Sentí pánico. Como si me fueran a clavar agujas en los labios. La agarré por los hombros.

—No, no debe saber nada. No se lo cuentes. Tú le conoces mejor que yo, ¿crees que lo resistiría? Podría recuperar su memoria y ¿de veras crees que él soportaría recordar que olvidó a Noa? Tú eres mucho más fuerte que él, Katerina, pero Fernando debe seguir como está; piénsalo. No es el momento. —Callé y ella dudó. Pero no podía dejar de escuchar a mi corazón. Algo dentro de mí me hablaba al fin. Vi con claridad lo que ocurriría si ella le confesaba lo sucedido a su marido—. Y además, si se lo cuentas a Fernando, Víctor morirá.

—Por el amor de Dios, Lila, ¿cómo puedes decir eso? No es posible que pienses eso de él. Y no puedo creer que desees que le oculte algo así.

—Katerina, no lo hagas. Sé que morirá. ¡No lo hagas, por favor! ¡No le cuentes nada!
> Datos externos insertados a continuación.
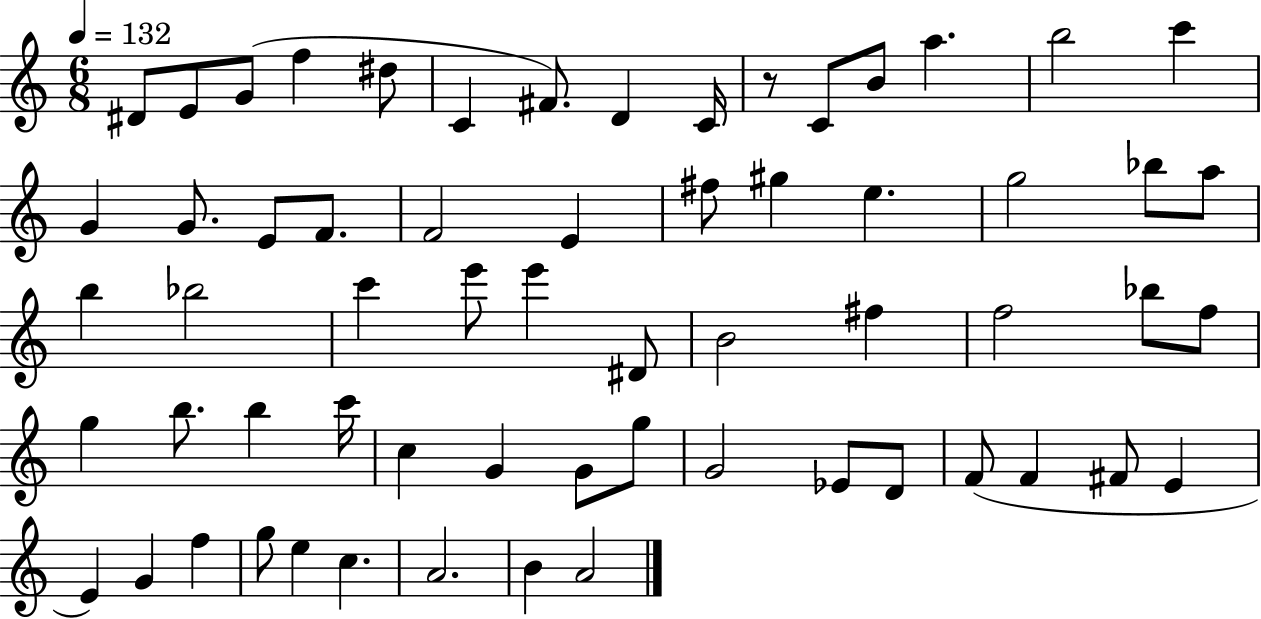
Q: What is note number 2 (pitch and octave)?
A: E4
Yo le gritaba. Y seguía llorando. Todavía no había conseguido aprender a dejar de sufrir cuando sabía algo que no podía evitar ni cambiar. Me tapé los ojos con las palmas y seguí gritando.

—¡Esto es culpa mía! ¡Todo es culpa mía! Yo debía haber hecho caso a Asha. La desoí dos veces, ¡dos! Ella me avisó hace mucho tiempo: me dijo que escondiera los regalos de la raní y de su hijo, pero estaba tan ocupada con mis propios sentimientos, tan empeñada en intentar ayudaros, que la desobedecí. Y luego seguí pensando en mí misma: ¡yo debía haberme escondido de Víctor, como hice la primera vez! Eso no es lo que Asha me enseñó.
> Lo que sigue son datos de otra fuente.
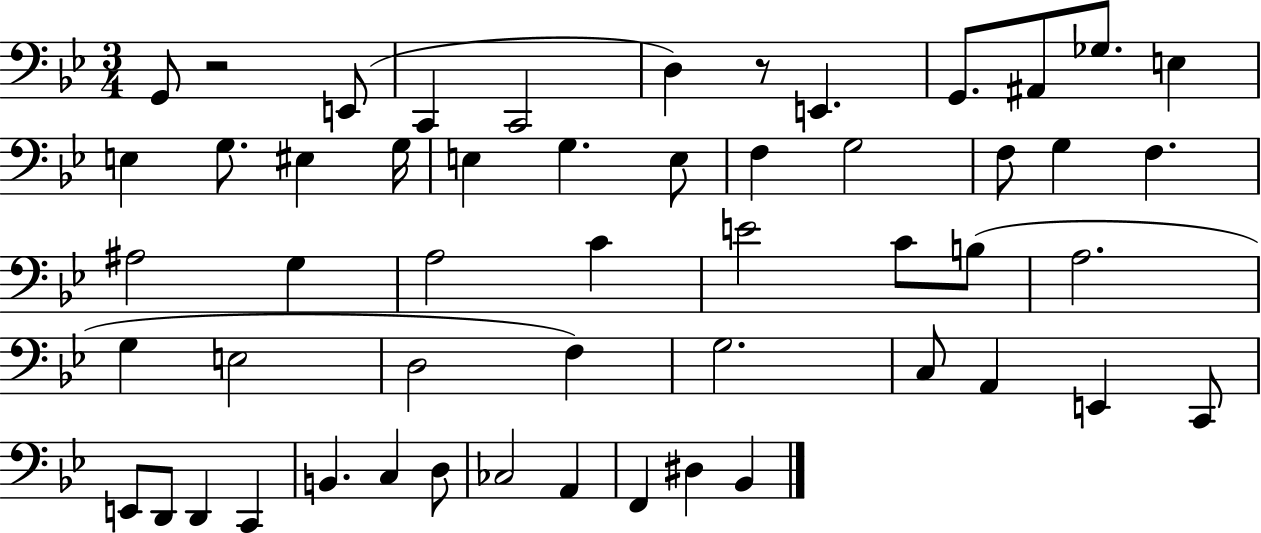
X:1
T:Untitled
M:3/4
L:1/4
K:Bb
G,,/2 z2 E,,/2 C,, C,,2 D, z/2 E,, G,,/2 ^A,,/2 _G,/2 E, E, G,/2 ^E, G,/4 E, G, E,/2 F, G,2 F,/2 G, F, ^A,2 G, A,2 C E2 C/2 B,/2 A,2 G, E,2 D,2 F, G,2 C,/2 A,, E,, C,,/2 E,,/2 D,,/2 D,, C,, B,, C, D,/2 _C,2 A,, F,, ^D, _B,,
—¿De qué hablas, Lila? ¿A qué te refieres?

Levanté la cabeza y la miré con tristeza.

—La primera vez que ese hombre vino a casa a veros con su mujer, yo sentí miedo, sabía que no podía dejar que me viera. Así que me escondí con Daniella en su habitación. Pero en la fiesta de despedida de Lenka no percibí el peligro, ¡no lo vi allí! Estaba tan centrada en la tristeza que sentía porque mi amiga se iba, en intentar ayudarla a ella, que no pude verlo. Lo mismo que antes, me esforcé tanto por hacerte olvidar que no percibí el verdadero peligro. ¡Lo siento tanto, Katerina! Soy una estúpida y una egoísta. Y ese mal ya está hecho, pero ahora sé que si le cuentas lo que ha ocurrido a Fernando, también sucederá otra desgracia. No hay solución. El río de la vida ya fluye hacia su destino y no hemos llegado a tiempo de desviar su cauce. Pero tú eliges el siguiente trecho del camino. No le hables a Fernando de esto. O Víctor morirá.